The music of prehistoric cultures is first firmly dated to c. 40,000 BP of the Upper Paleolithic by evidence of bone flutes, though it remains unclear whether or not the actual origins lie in the earlier Middle Paleolithic period (300,000 to 50,000 BP). There is little known about prehistoric music, with traces mainly limited to iconographical evidence, as well as some simple flutes and percussion instruments. However, such evidence indicates that music existed to some extent in prehistoric societies such as the Xia dynasty and the Indus Valley Civilisation. Upon the development of writing, the music of literate civilizations—ancient music—was present in the major Chinese, Egyptian, Greek, Indian, Persian, Mesopotamian and Middle Eastern societies. It is difficult to make many generalizations about ancient music as a whole, but from what is known it was often characterized by monophony and improvisation. In ancient song forms, the texts were closely aligned with music, and though the oldest extant musical notation survives from this period, many texts survive without their accompanying music, such as the Rigveda and the Shijing Classic of Poetry. The eventual emergence of the Silk Road and increasing contact between cultures led to the transmission and exchange of musical ideas, practices and instruments.

Historically, religions have often been catalysts for music. The Vedas of Hinduism immensely influenced Indian classical music, while the Five Classics of Confucianism laid the basis for subsequent Chinese music. Following the rapid spread of Islam in the 6th century, Islamic music dominated Persia and the Arab world, and the Islamic Golden Age saw the presence of numerous important music theorists.
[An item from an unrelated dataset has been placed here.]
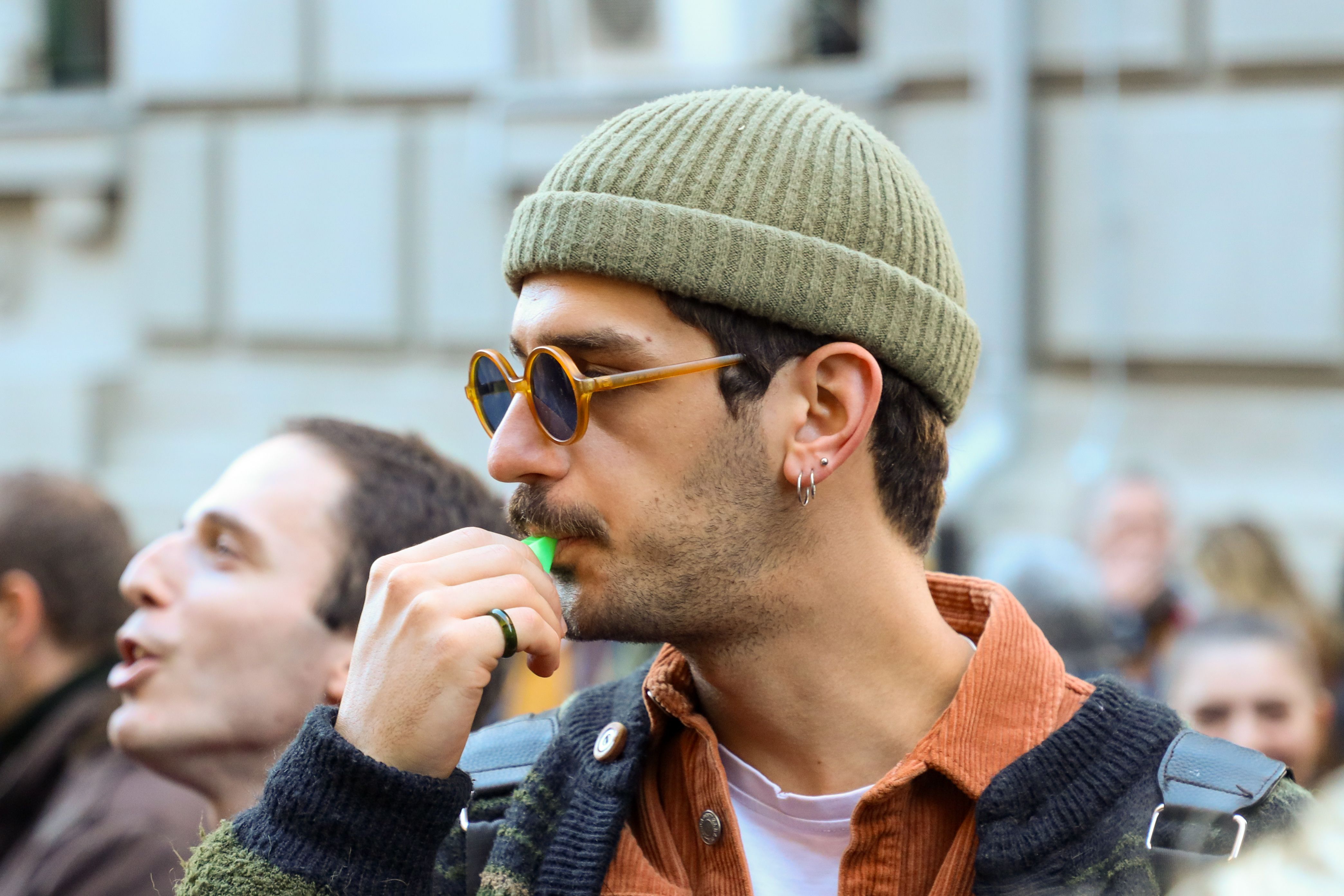 A young man with a beanie and sunglasses whistles during a city protest.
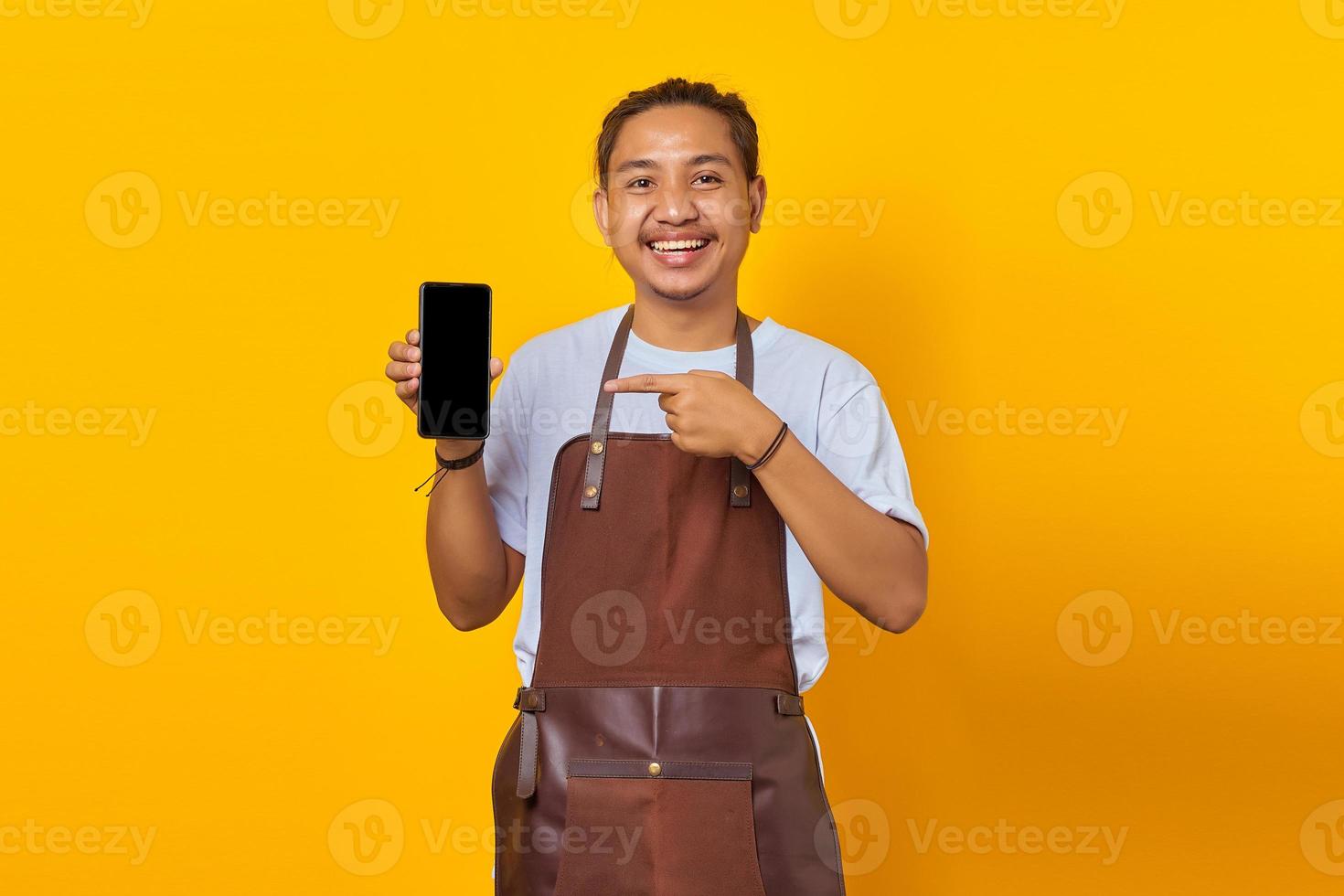 Glimlachende knappe jongeman die naar een leeg smartphonescherm wijst op een gele achtergrond foto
Music written for and by the early Christian Church properly inaugurates the Western classical music tradition,[4] which continues into medieval music where polyphony, staff notation and nascent forms of many modern instruments developed. In addition to religion, or the lack thereof, a society’s music is influenced by all other aspects of its culture, including social and economic organization and experience, climate and access to technology. Many cultures have coupled music with other art forms, such as the Chinese four arts and the medieval quadrivium. The emotions and ideas that music expresses, the situations in which music is played and listened to, and the attitudes toward musicians and composers all vary between regions and periods. Many cultures have or continue to distinguish between art music (or ‘classical music’), folk music and more recently, popular music.